Published January 13, 2015
Former Dutch lawmaker Ayaan Hirsi Ali, the target of death threats over criticism of radical Islam, said Sunday she has asked France to grant her citizenship because she cannot be assured of protection back home.
"I would be very honored and grateful if I were to become a French citizen, and the question of my protection could be resolved once and for all," Somali-born Hirsi Ali said on France-2 television.
A prominent critic of Islam, Hirsi Ali wrote the screenplay of the film "Submission," a fictional study of abused Muslim women with scenes of near-naked women with Quranic texts engraved on their flesh.
The film's director, Theo van Gogh, was killed by a Muslim extremist in Amsterdam in 2004. Hirsi Ali was threatened in a note left on his body.

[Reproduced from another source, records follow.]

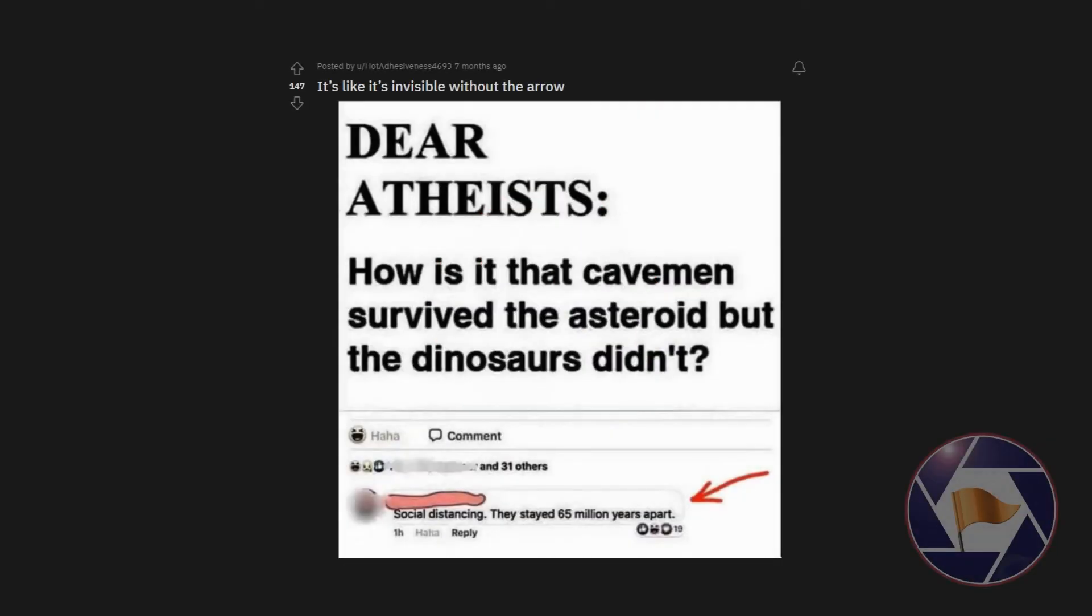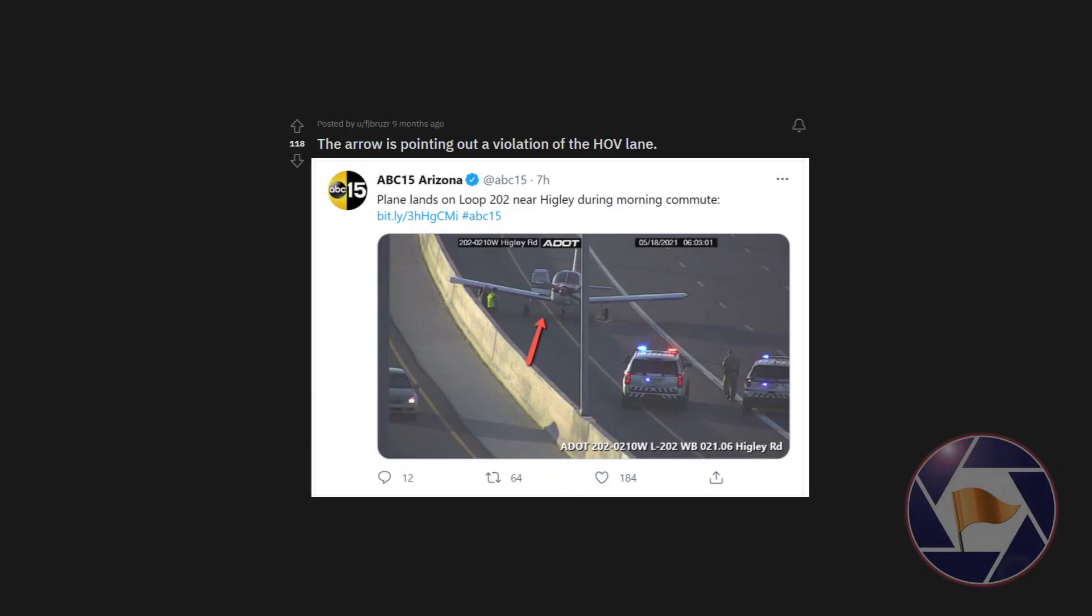It's like it's invisible without the arrow. The arrow is pointing out a violation of the HOV lane.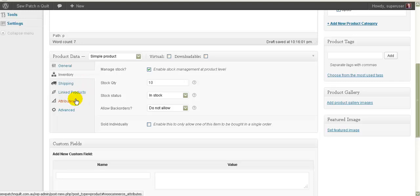Shipping I'll discuss with you individually. Attributes is where you have different options for a product — for example, if you were selling T-shirts in different sizes, your attributes might be small, medium, and large. I'll make another video to explain how to do that. The 'Advanced' tab you probably won't need to use.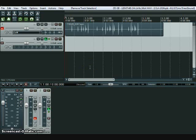Today we're going to be looking at drum replacement and replacing an audio with MIDI to insert into a VSTi drum sampler.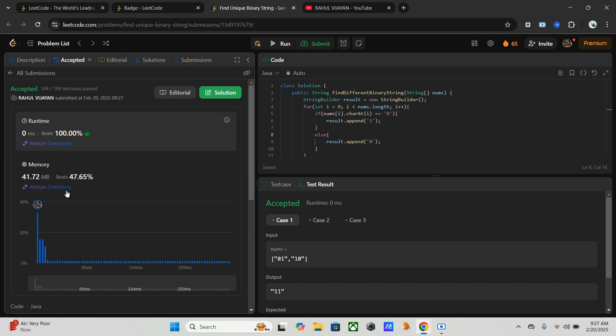Yeah, it's accepted — almost 100 percent on test cases. Now let's discuss the complexity analysis. For time complexity it is O(n), where n is the length of the binary string. We iterate through the array once and perform constant time operations for each character. For space complexity it is also O(n), to store the resulting binary string.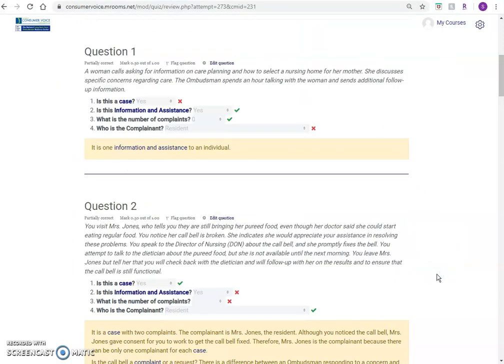If you have any questions or are having trouble finding or navigating a course, email Ombudcenter at consumervoice.org. You can find our email address in the footer of every page within the training center.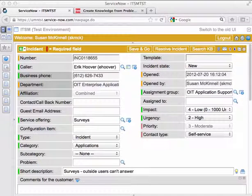In this video, I'm going to show you how to associate an incident ticket with a problem ticket.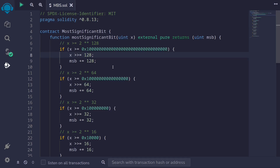Most significant bit is a function that returns the most significant bit of a number. Imagine a number in its binary representation, a sequence of ones and zeros. This function will return the position of the leftmost one. For example, if we take the number eight — eight is equal to two to the three — so in the third position, starting at zero, we will have a one. So if we feed an eight into this function, we will get a three back.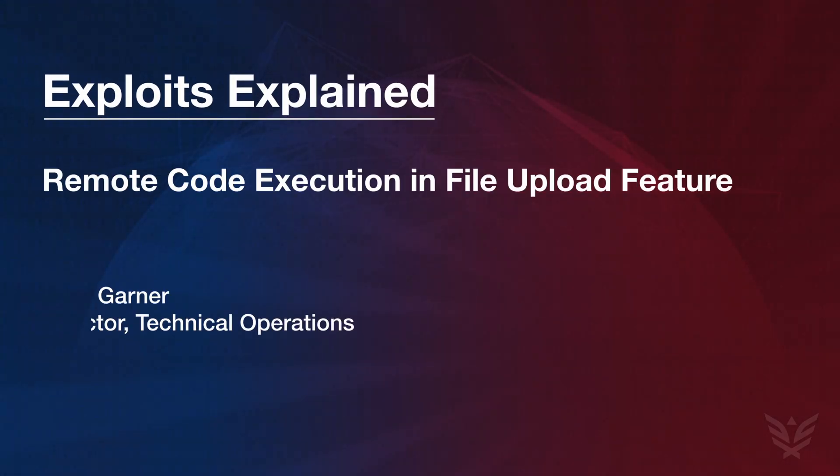In today's Vulnerability Deep Dive, we will explore a remote code execution that was recently discovered by one of our Cynac Red Team researchers during a web application penetration test. Although these can be challenging to discover during a black box pen test where source code is not available to the researcher, this example is actually quite easy to exploit, which I'll be demonstrating in a few moments.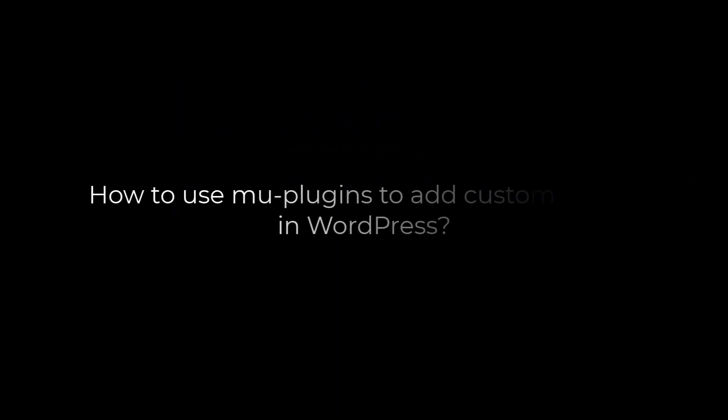Greetings, everyone. In today's video, we will quickly learn how you can use MU plugins to add your custom codes. Let's get started. For more WordPress content, please subscribe to our channel and press the bell icon.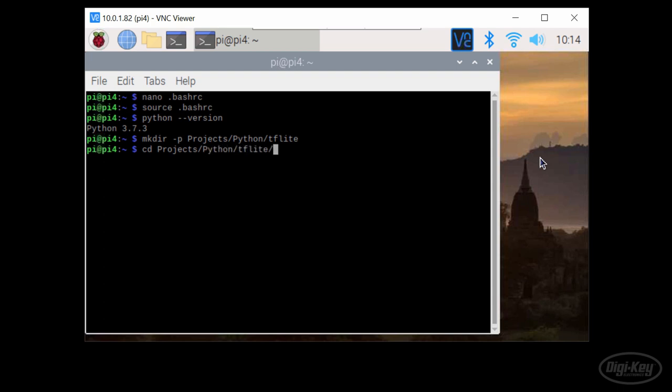While it's not necessary, a virtual environment can be very helpful to keep specific Python and package versions separate from your main Python working environment.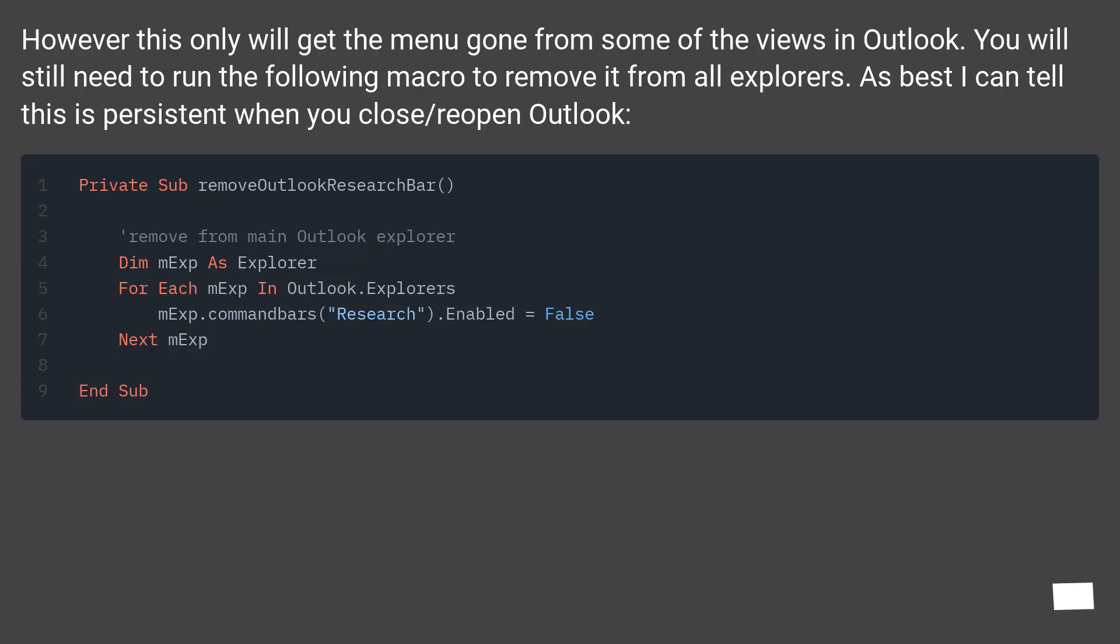However, this only will get the menu gone from some of the views in Outlook. You will still need to run the following macro to remove it from all explorers. As best I can tell this is persistent when you close and reopen Outlook.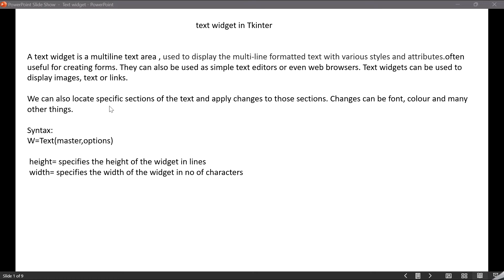We can locate specific sections of the text and apply changes to those sections. The text in the text widget can have different fonts, sizes, and background colors — we can do formatting or editing within the text widget. There are various options; two important ones are height, which specifies the height of the widget in lines, and width, which specifies the width of the widget in number of characters. Now let's go ahead with a code example.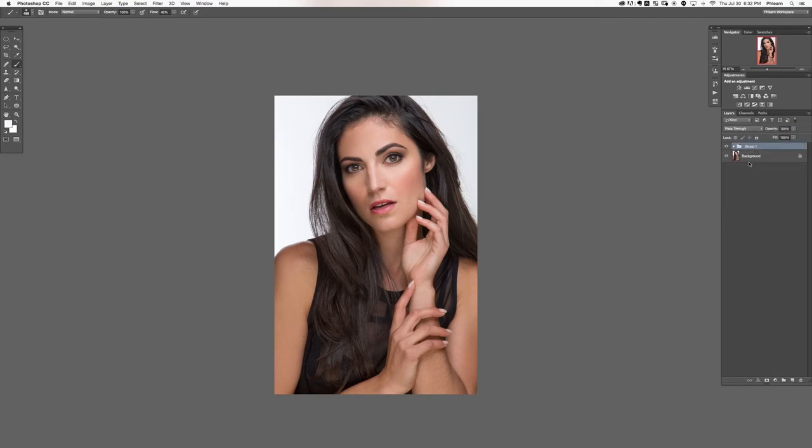Let's group all of those and show the before and after. Here's our before and after — how to add makeup in Photoshop. Thanks so much for watching this section and for getting the entire tutorial. I hope you learned a ton and had a lot of fun. Bye everyone!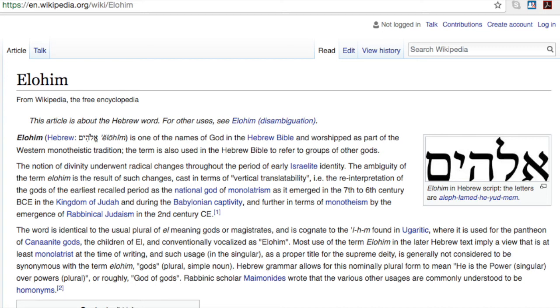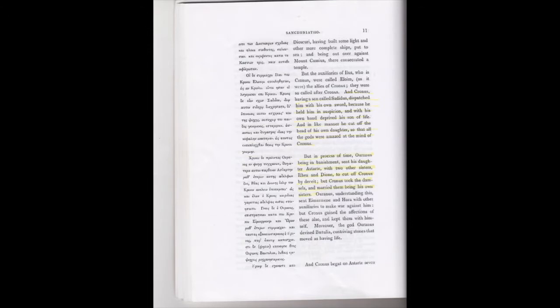But it's revealed in the history of the ancient world from Sanchanathan. Let's read what's in this passage. But the auxiliaries of Elos, who is Cronus, were called Elohim, as it were the allies of Cronus. They were so called after Cronus.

She now lives in the United States, guarded day and night.
"I live under protection now, but it's a protection in which I still have to move from place to place, and look for donors to pay for my protection," she said in English, simultaneously translated into French for the program.
She said she had chosen France because she received support from French intellectuals, and expressions of understanding from French political leaders.
Since last October, "I've found myself in the position in which my own government — the government of the Netherlands — has said it doesn't want to pay for my protection," Hirsi Ali said.
"The American government said: 'You are a Dutch citizen,' and that it doesn't pay for the protection of foreigners," she said.
Hirsi Ali, a former right-leaning member of the Dutch parliament, resigned her seat and left the Netherlands in 2006 after its immigration minister threatened to revoke her passport: Hirsi Ali had lied about her real name when she arrived as a refugee 14 years earlier.
French Human Rights Minister Rama Yade, also on the France-2 news program, said: "We believe in France that Ayaan Hirsi Ali must be protected," but stopped short of offering citizenship.
France wants to create a European Union-wide fund that could help provide security for anyone subject to religiously motivated threats like the "fatwa" faced by Hirsi Ali, Yade said.